** EXERCISE INSTRUCTIONS **
Find "Футболка из хлопка и льна BOSS белого" in the material below, then write out that line and every line after it exactly, ending with the last one; skip the pictures.

** INPUT RECORDS **
______

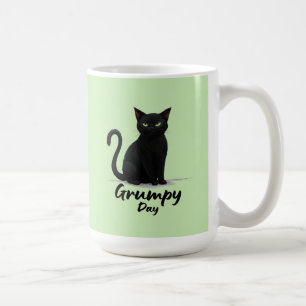 Grumpy Day with Black Cat Coffee Mug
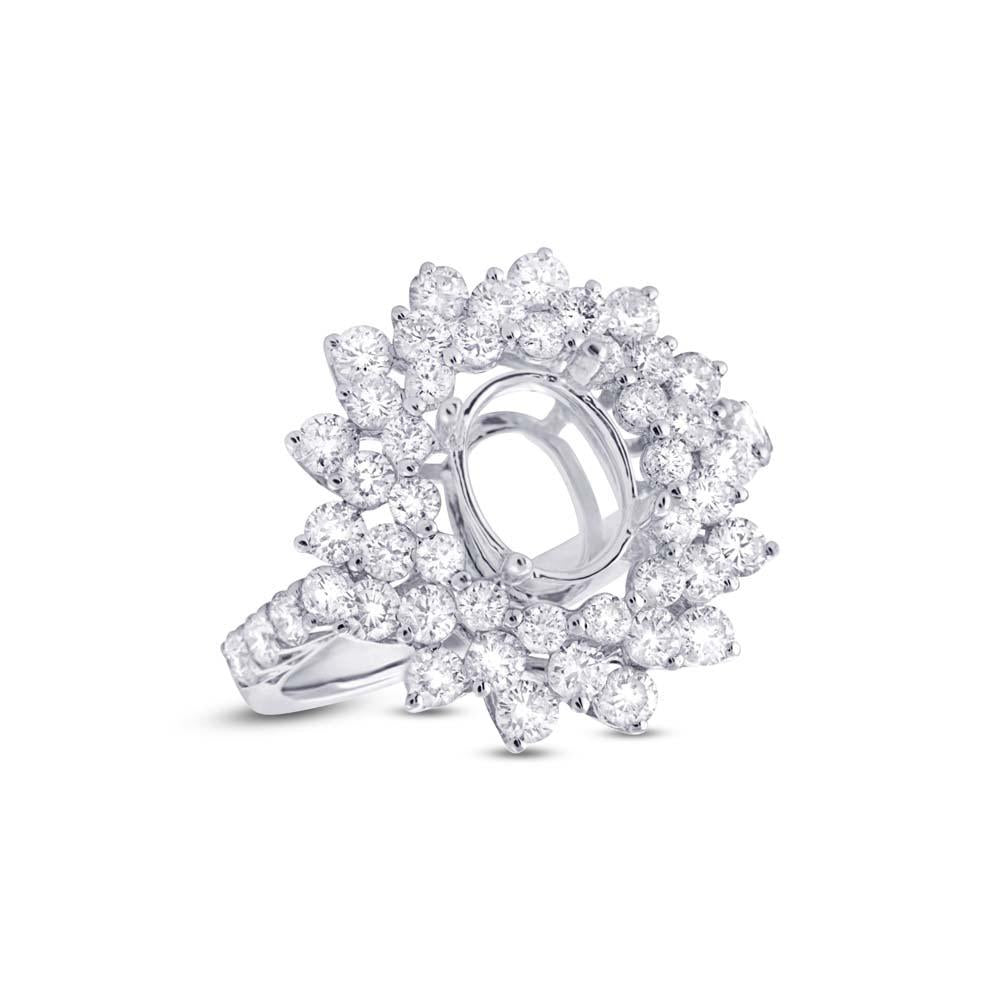18k White Gold Diamond Semi-mount Ring - 2.08ct
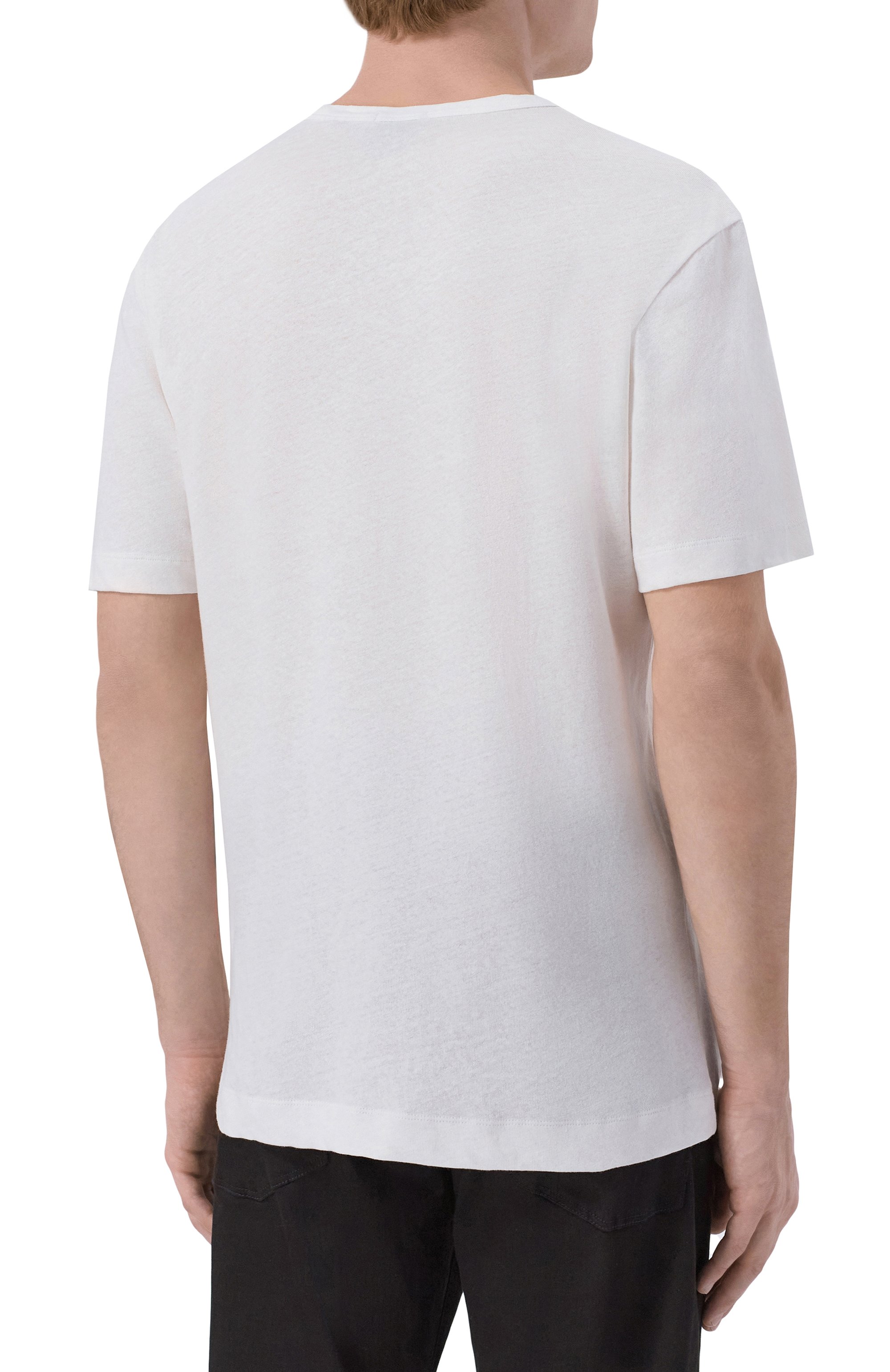 Футболка из хлопка и льна BOSS белого цвета по цене 19950 руб., арт. 50559166, фото 4 Футболка из хлопка и льна BOSS, арт. 50559166, фото 4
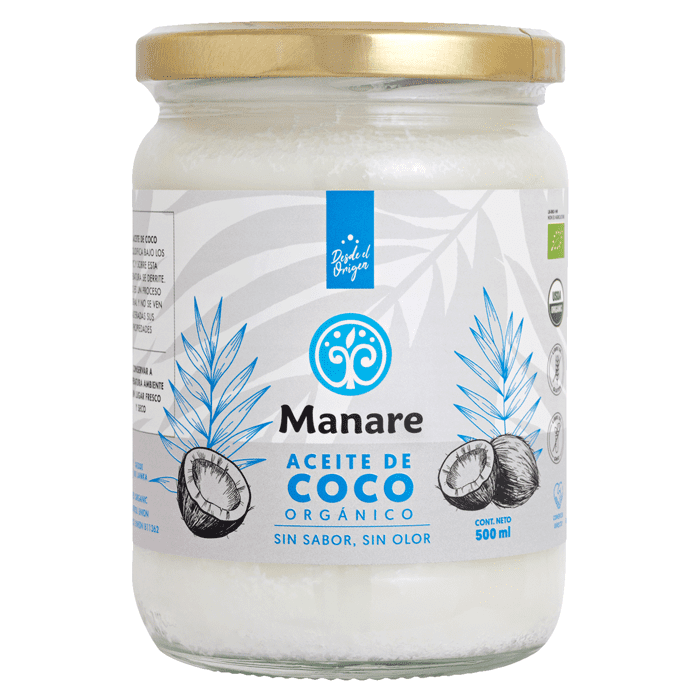 Aceite de coco sin olor y sin sabor (500ml) Manare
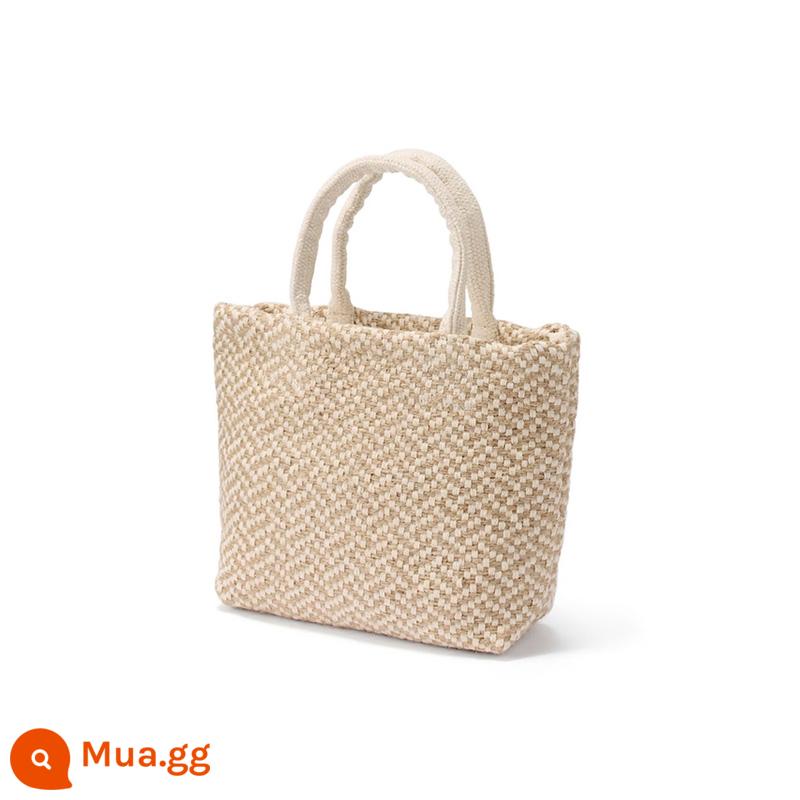 MUJI Ấn Độ Túi tote nhỏ dệt thủ công Túi vải bố Túi xách - mẫu màu cơ bản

______

** EXPECTED ANSWER **
 Футболка из хлопка и льна BOSS белого цвета по цене 19950 руб., арт. 50559166, фото 4 Футболка из хлопка и льна BOSS, арт. 50559166, фото 4
 Aceite de coco sin olor y sin sabor (500ml) Manare
 MUJI Ấn Độ Túi tote nhỏ dệt thủ công Túi vải bố Túi xách - mẫu màu cơ bản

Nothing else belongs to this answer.